The Southern California Batholith is a ~500-km-wide segment of the Mesozoic California arc that lies between the northern Peninsular Ranges and the southern Sierra Nevada mountains. We use structural data and U-Pb zircon analyses from the eastern San Gabriel mountains to examine how the batholith responded to the onset of the Laramide orogeny during the Late Cretaceous. Zircon analyses show that the middle and lower crust of the batholith was hot and records a magmatic flareup from 90-77 Ma. From 90 to 86 Ma, tonalite of the San Sevaine Lookout intruded a thick package of metasedimentary rock that records a history of reverse displacements, crustal imbrication, and granulite metamorphism prior to tonalite intrusion. During the early stages of the magmatic flare-up, granodiorite dikes were emplaced and soon became tightly folded and disaggregated as younger sheets of comagmatic tonalite intruded. Deformation accompanied the magmatism, forming two parallel shear zones several 100 m thick. These two shear zones, which include the Black Belt Mylonite, are composed of thin (≤10 m) high-strain zones spaced several tens of meters apart. Each discrete high-strain zone contains subparallel layers of mylonite, ultramylonite, cataclasite and pseudotachylyte, all recording oblique sinistral-reverse displacements on gently and moderately dipping surfaces. This architecture, whereby individual high-strain zones are widely spaced and parallel the margins of intruding tonalite sheets, reveals the influence of magma emplacement on shear zone structure. U-Pb zircon geochronology on syn-tectonic dikes indicate that these different styles of deformation all formed within the same 89-85 Ma interval, suggesting that they reflect non-steady flow on deep seismogenic faults. Widespread (garnet) granulite-facies metamorphism and partial melting accompanied intrusion of the tonalites and sinistral- reverse displacements. The ages of undeformed dikes indicate that the deformation was over by 77-75 Ma. Together, these data show that arc magmatism and transpression within the Mesozoic California arc occurred from ~90 until ~75 Ma, implying that flat-slab subduction and the migration of the Laramide orogenic front into the North America interior occurred after ~75 Ma. 

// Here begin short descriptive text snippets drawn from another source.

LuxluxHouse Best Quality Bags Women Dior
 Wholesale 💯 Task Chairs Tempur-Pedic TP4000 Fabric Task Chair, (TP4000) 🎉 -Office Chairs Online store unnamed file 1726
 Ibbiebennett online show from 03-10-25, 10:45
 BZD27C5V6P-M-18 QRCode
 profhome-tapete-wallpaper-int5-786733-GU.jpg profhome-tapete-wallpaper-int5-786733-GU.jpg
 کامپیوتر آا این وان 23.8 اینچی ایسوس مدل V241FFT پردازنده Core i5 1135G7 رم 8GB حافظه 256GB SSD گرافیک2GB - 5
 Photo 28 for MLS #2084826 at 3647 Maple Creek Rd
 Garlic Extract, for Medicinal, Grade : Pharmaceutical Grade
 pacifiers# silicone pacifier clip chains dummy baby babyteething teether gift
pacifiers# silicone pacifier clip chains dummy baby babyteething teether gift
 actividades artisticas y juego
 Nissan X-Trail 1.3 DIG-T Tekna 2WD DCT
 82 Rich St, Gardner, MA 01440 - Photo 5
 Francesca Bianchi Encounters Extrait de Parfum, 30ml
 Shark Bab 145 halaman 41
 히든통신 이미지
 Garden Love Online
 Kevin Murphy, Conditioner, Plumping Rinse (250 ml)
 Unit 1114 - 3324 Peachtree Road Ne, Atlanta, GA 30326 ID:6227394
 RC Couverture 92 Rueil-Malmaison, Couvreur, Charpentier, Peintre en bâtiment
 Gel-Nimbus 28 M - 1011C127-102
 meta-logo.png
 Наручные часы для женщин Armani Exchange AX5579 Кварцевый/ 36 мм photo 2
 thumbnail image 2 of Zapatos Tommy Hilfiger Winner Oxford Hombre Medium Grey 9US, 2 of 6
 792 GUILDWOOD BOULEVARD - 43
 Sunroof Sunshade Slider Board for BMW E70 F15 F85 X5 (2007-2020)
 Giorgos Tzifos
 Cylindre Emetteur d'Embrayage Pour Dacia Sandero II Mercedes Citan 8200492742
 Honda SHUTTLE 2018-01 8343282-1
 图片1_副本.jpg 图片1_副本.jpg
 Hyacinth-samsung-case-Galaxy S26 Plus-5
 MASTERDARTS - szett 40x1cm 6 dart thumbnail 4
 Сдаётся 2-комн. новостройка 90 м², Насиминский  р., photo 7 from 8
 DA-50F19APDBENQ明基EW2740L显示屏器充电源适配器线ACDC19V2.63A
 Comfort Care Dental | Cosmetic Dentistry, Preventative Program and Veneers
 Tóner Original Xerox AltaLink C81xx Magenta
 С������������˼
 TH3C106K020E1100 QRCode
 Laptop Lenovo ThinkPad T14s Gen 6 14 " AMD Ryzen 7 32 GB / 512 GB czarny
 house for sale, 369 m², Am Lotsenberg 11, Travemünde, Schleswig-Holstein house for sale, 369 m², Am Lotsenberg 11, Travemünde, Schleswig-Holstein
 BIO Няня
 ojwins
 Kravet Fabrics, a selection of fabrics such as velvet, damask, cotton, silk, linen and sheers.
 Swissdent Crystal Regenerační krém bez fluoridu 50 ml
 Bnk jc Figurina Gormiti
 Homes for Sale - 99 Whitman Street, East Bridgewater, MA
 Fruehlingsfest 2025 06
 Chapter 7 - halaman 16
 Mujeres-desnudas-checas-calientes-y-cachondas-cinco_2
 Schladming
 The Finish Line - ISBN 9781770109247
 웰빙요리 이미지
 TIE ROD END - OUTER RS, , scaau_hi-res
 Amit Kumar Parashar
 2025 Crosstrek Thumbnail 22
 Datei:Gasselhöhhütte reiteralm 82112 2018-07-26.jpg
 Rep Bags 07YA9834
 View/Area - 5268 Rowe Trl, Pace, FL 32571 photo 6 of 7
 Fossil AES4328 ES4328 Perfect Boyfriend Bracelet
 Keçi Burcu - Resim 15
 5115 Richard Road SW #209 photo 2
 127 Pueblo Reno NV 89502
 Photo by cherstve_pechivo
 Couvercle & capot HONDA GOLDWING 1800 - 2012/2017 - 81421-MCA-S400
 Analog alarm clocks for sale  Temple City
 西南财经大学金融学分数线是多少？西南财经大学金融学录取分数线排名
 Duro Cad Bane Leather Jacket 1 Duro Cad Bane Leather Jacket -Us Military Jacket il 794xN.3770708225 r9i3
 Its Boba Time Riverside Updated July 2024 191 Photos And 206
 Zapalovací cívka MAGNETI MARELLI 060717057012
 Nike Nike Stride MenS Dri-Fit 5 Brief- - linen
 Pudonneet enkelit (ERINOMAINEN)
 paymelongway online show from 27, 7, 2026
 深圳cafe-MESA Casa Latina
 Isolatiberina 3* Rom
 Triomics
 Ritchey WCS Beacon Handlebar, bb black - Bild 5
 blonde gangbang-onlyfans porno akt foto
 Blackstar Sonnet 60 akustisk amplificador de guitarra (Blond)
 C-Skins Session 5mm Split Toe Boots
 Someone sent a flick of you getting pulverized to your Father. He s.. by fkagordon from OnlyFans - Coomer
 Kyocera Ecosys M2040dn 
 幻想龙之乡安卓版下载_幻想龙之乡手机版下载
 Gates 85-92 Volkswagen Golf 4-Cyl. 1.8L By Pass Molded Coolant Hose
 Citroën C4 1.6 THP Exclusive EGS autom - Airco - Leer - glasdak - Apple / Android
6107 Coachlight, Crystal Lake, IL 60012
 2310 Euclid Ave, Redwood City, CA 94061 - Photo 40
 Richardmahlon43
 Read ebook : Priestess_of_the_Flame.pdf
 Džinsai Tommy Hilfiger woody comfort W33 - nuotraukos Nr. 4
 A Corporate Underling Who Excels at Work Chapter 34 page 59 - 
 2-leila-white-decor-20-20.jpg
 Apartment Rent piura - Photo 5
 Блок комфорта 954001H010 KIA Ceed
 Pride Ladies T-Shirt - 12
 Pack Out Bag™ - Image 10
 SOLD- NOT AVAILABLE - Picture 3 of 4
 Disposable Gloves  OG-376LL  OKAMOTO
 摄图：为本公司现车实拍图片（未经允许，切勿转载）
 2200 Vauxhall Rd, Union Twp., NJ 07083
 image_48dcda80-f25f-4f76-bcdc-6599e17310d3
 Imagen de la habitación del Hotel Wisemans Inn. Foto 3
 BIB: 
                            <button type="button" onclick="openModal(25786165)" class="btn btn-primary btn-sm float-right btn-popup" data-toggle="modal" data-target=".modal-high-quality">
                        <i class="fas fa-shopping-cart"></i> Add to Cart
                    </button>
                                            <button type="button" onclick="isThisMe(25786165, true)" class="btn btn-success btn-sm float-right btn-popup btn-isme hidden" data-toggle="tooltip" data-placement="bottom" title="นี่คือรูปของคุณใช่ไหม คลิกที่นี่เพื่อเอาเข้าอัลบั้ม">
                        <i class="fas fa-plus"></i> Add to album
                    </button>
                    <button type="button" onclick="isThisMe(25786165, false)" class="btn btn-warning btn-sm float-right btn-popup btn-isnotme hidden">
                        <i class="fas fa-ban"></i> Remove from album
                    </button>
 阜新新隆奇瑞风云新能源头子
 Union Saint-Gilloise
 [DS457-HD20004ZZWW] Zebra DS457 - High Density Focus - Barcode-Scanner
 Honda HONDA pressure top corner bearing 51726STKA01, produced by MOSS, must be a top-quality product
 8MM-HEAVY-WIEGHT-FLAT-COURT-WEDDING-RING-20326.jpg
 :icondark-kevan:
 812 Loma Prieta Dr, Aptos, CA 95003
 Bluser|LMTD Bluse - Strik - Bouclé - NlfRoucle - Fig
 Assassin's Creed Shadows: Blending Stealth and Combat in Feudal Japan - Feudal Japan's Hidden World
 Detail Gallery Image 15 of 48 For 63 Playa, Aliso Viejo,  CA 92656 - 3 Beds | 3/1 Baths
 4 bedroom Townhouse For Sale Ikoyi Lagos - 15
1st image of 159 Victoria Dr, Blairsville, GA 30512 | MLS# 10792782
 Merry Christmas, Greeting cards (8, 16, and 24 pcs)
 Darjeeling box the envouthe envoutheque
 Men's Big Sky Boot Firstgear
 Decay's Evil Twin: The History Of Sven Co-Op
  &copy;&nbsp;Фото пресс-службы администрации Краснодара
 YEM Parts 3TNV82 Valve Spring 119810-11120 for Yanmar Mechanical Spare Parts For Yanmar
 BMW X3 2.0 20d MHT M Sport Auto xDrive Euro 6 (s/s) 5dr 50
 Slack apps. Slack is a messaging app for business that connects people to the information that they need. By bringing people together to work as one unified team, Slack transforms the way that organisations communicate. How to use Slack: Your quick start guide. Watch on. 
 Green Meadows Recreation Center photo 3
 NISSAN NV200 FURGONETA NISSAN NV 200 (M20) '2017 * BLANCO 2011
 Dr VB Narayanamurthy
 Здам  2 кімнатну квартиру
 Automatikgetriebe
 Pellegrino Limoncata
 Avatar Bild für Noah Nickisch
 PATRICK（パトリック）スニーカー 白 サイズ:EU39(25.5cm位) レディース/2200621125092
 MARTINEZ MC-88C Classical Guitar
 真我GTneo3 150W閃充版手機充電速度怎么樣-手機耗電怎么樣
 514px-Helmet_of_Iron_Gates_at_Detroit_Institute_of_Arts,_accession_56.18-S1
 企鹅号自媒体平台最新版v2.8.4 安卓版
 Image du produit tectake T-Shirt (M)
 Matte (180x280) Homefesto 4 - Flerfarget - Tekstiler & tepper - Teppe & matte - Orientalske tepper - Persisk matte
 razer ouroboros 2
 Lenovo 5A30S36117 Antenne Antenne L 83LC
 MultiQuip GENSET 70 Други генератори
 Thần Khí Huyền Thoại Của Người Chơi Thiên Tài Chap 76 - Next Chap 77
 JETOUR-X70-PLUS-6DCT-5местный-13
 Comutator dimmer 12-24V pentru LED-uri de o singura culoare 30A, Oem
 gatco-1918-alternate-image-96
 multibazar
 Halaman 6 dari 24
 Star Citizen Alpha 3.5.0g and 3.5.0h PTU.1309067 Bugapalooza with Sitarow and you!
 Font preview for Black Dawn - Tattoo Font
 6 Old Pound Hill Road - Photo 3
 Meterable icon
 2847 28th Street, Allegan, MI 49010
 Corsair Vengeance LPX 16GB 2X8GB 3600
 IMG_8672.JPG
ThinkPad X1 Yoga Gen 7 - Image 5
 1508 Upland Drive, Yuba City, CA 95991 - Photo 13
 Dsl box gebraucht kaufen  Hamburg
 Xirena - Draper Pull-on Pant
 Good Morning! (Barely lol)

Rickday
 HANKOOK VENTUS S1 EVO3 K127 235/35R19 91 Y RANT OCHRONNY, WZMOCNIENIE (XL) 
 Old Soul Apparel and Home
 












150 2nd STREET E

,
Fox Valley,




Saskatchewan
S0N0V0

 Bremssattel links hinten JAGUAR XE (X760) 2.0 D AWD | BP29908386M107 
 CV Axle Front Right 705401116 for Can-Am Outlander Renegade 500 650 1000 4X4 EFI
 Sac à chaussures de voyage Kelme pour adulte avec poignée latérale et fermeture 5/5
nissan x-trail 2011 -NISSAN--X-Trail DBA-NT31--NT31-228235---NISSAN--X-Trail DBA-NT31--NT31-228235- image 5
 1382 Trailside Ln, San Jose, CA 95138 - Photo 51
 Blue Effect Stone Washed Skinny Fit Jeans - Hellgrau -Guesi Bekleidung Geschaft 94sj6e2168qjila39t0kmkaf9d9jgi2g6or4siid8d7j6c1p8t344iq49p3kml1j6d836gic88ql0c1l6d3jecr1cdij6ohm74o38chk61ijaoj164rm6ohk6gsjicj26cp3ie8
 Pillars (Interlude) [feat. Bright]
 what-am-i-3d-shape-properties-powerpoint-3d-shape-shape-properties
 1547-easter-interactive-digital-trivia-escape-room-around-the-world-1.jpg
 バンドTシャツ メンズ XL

Abstract The Laramide orogeny is a pivotal time in the geological development of western North America, but its driving mechanism is controversial. Most prominent models suggest this event was caused by the collision of an oceanic plateau with the Southern California Batholith (SCB) which caused the angle of subduction beneath the continent to shallow and led to shut-down of the arc. Here, we use over 280 zircon and titanite Pb/U ages from the SCB to establish the timing and duration of magmatism, metamorphism and deformation. We show that magmatism was surging in the SCB from 90 to 70 Ma, the lower crust was hot, and cooling occurred after 75 Ma. These data contradict plateau underthrusting and flat-slab subduction as the driving mechanism for early Laramide deformation. We propose that the Laramide orogeny is a two-stage event consisting of: 1) an arc ‘flare-up’ phase in the SCB from 90-75 Ma; and 2) a widespread mountain building phase in the Laramide foreland belt from 75-50 Ma that is linked to subduction of an oceanic plateau.